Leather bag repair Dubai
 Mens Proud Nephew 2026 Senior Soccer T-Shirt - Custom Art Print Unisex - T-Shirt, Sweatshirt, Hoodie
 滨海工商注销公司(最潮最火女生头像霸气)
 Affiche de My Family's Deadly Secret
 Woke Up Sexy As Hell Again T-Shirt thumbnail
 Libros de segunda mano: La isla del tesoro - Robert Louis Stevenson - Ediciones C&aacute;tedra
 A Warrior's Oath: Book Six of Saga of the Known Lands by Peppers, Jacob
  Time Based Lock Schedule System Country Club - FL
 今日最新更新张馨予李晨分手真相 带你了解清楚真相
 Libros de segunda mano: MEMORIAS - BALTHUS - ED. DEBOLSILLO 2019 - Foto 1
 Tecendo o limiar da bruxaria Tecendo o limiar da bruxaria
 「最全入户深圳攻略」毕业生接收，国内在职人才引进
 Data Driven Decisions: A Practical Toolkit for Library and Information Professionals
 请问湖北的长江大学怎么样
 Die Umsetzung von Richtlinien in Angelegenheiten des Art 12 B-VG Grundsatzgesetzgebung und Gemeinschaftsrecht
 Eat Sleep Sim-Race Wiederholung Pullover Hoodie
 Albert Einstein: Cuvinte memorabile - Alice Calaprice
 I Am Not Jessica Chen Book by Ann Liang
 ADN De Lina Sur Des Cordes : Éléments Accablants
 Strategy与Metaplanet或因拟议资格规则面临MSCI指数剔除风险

☆ ☆ ☆ ☆ ☆ ☆ ☆

**What to produce:**
Only the lines from the one containing "Albert Einstein: Cuvinte" through the last line of the material belong in your answer; output them exactly.

**Written response:**
 Albert Einstein: Cuvinte memorabile - Alice Calaprice
 I Am Not Jessica Chen Book by Ann Liang
 ADN De Lina Sur Des Cordes : Éléments Accablants
 Strategy与Metaplanet或因拟议资格规则面临MSCI指数剔除风险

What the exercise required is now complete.